Per the proposed terms of agreement, shareholders of ICICI Securities will get 67 shares of ICICI Bank for every 100 shares held. Following the merger, ICICI Securities will become a wholly-owned subsidiary of ICICI Bank, which currently holds 74.8 per cent stake.

Foreign and domestic institutional investors account for 16.68 per cent of ICICI Securities’ share capital, whereas non-institutional public shareholders hold 8.55 per cent stake as of December 2023.

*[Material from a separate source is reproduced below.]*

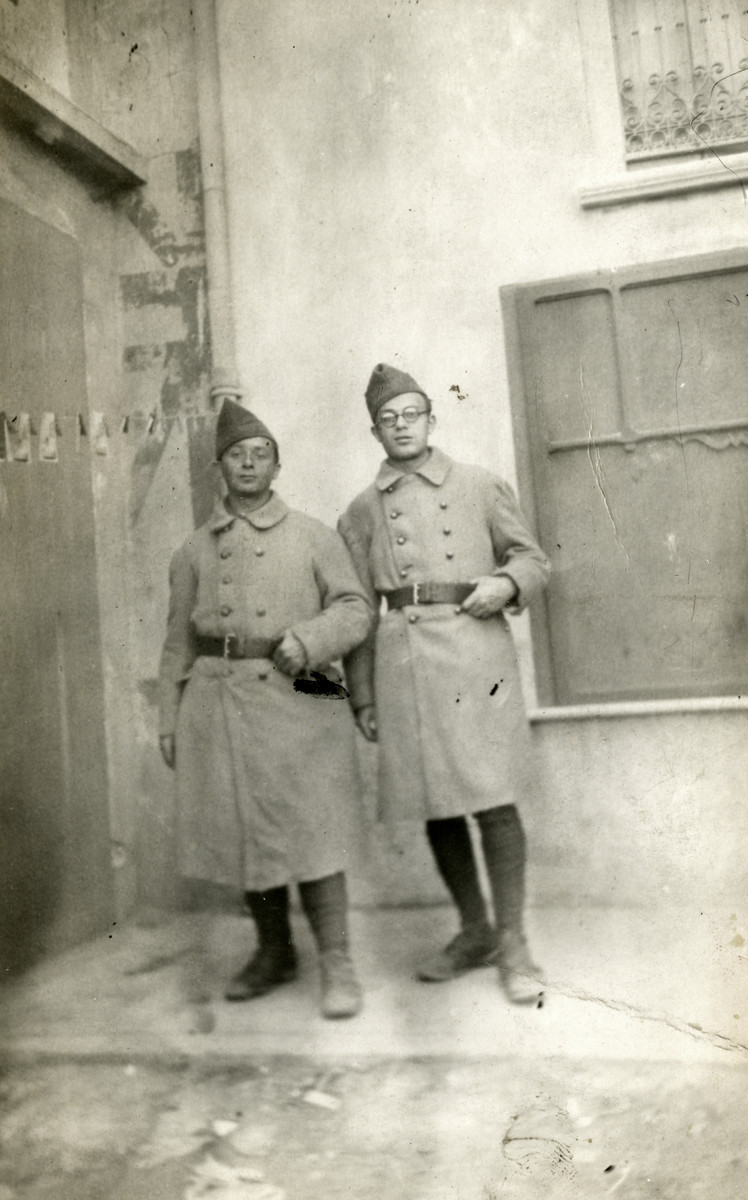 Close-up portrait of two members of the Engage Volontaires, foreign-born Jews in a French paramilitary unit.

Mendel Max Rosensweig is pictured on the left.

Following reports of retail shareholders feeling pressured by ICICI Bank staff to support the merger, complaints surfaced regarding relentless solicitation on social media, including persistent calls and messages, inquiries for voting details, and efforts to sway voting decisions. In response, ICICI Bank said that given the large number of retail shareholders, the bank and the broking subsidiary had been reaching out to shareholders to explain the proposed scheme and the e-voting process with the “objective of maximising participation”.

The share exchange ratio has been decided as per the joint valuation exercise conducted by two independent valuers, and two merchant bankers delivered independent fairness opinions to ICICI Bank and ICICI Securities separately. Further, ICICI Bank and ICICI Securities have received no adverse observations/ no-objection letters regarding the proposed merger, and four independent proxy advisory firms also recommended voting in favour of the resolution, it said.

Shares of ICICI Securities were listed on April 4, 2018 at ₹432, at a 17 per cent discount to the IPO price of ₹520. A reverse merger at that time, would have entailed a swap ratio of 1.65 ICICI Bank shares for every share of ICICI securities, also a premium of 146 per cent to the current offer.

In a recent note, Quantum Mutual Fund — a shareholder of both ICICI Securities and ICICI Bank — said that it will be voting against the delisting as the swap ratio is detrimental to the interests of minority shareholders. It estimated the loss for unitholders across two schemes at ₹6.08 crore.

“The current swap ratio values ICICI Securities at a 30-77 per cent discount to its other listed peers based on consensus earnings forecast for fiscal year ending March 2024,” the fund house had then said, adding that had the IPO price been used as the benchmark, the share swap ratio would have been 1.9 shares of ICICI Bank for every share of ICICI Securities, a premium of 183 per cent to the current offer.